According to the research report published by a security firm, a most destructive GootKit Banking Trojan has received a massive update. The recent update modifies the working principles of this nasty malware. GootKit Banking Trojan is one of the infamous virus which appeared in the year 2014. As compare to other threat belonging to the same malware family, the source code of this banking Trojan had never leaked online, nor it has been distributed through Malware-as-a-service technique. The malware has been especially designed by the highly-skilled cyber offenders that has taken a full control on when and whom the GootKit Banking Trojan targets. Although, it is mainly focused to target the customers of European banks only.
Usually, most of the other banking Trojans targets the regular clients of the bank, but in the case of GootKit Banking Trojan, it specifically infect the high-end business customers with the main objective of compromising the bigger accounts for stealing larger sum of money from the hacked accounts. In order to gather banking credentials from the victims system, the malware uses a regular web injects which changes the look of banking sites into the browser of affected computers. However, one of the most important thing that one should know that the operators of GootKit Banking Trojan malware regularly updating its source code which helps the threat to remain undetected by the anti-virus vendors.

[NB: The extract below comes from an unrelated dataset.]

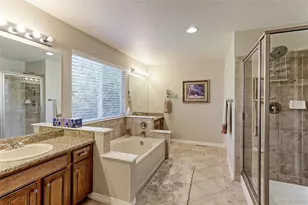 12543 Locust Way, Thornton, CO 80602 - Photo 21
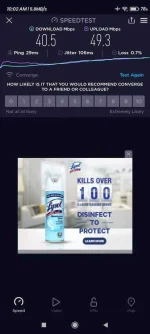 Screenshot_2021-06-30-10-02-07-887_org.zwanoo.android.speedtest.webp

GootKit Banking Trojan : Now Using Scheduled Tasks & Hides in SVCHOST Process
Meanwhile, there are some professional banking Trojan malware which receives such kind of attention, and the GootKit Banking Trojan is one of them. A firm related to the cyber security detected a huge number of updates into the source code and mode of operation of this malware, which makes the anti-virus detection quite harder. First of all, the malware updates its installation method and instead modifying the registry entries, it uses scheduled tasks which run at the background every time and being capable of running with both administrator accounts and LUA (Least-privilege User Accounts). Besides, the updated version of GootKit Banking Trojan is capable of injecting malicious DLL files into the “svchost.exe” process.

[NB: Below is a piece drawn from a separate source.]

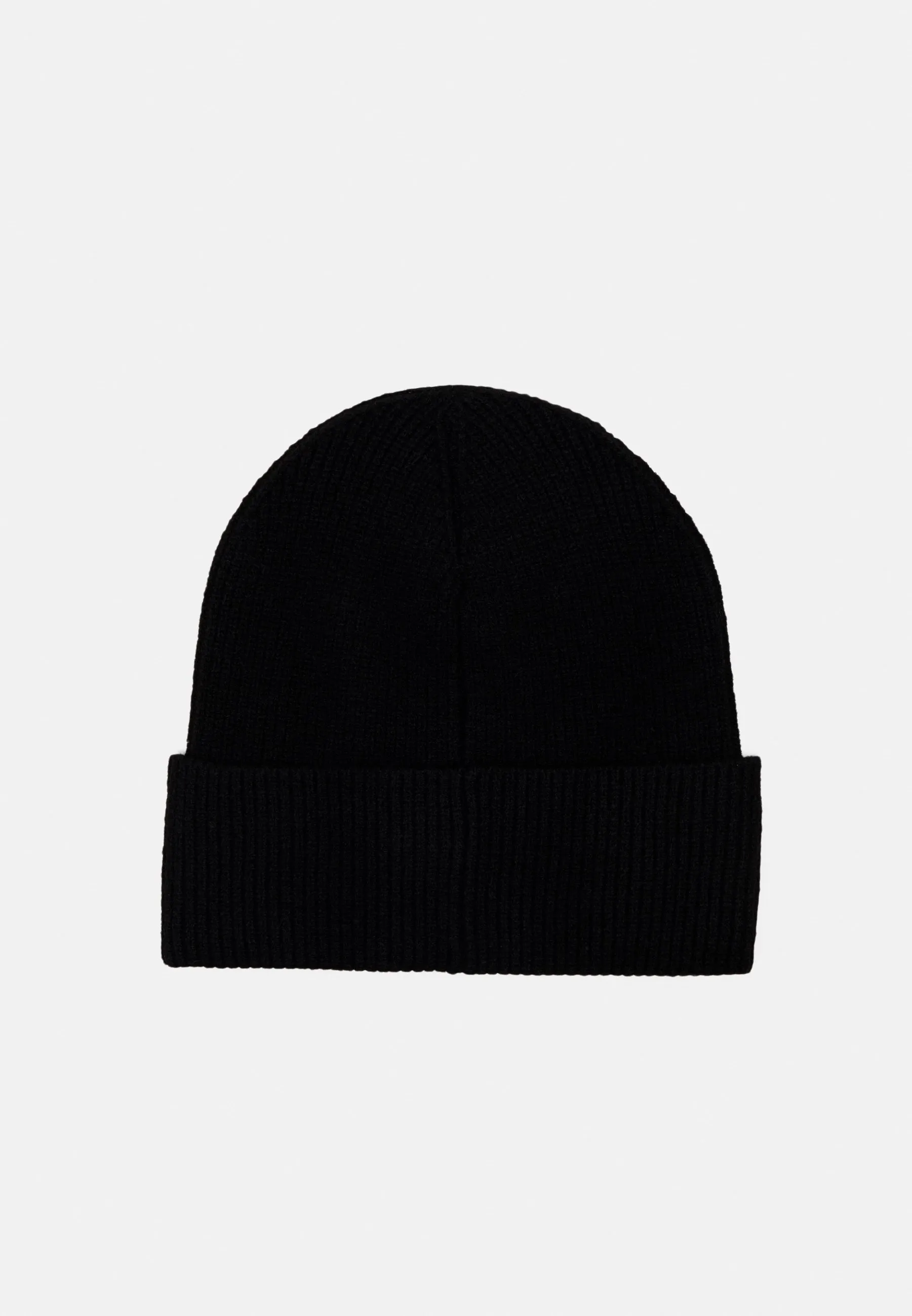 BEANIE - Berretto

Check Multiple Times For VM Environments
One of the biggest change that was made to the working operation of GootKit Banking Trojan is the addition of VN checks. This is a feature that many cyber offenders had been adding to their malwares. VM checks are the operations used by the hackers through which the Trojan checks the environment variables for some common names associated with virtual systems. Although, this feature has been usually employed by the anti-virus softwares and security experts for reverse engineering. The malware uses two-stage VM checking procedure. Furthermore, based on the research report, the Trojan especially targets the banks in UK and France. Besides, there are also few banks in Span and Italy that are affected by GootKit Banking Trojan.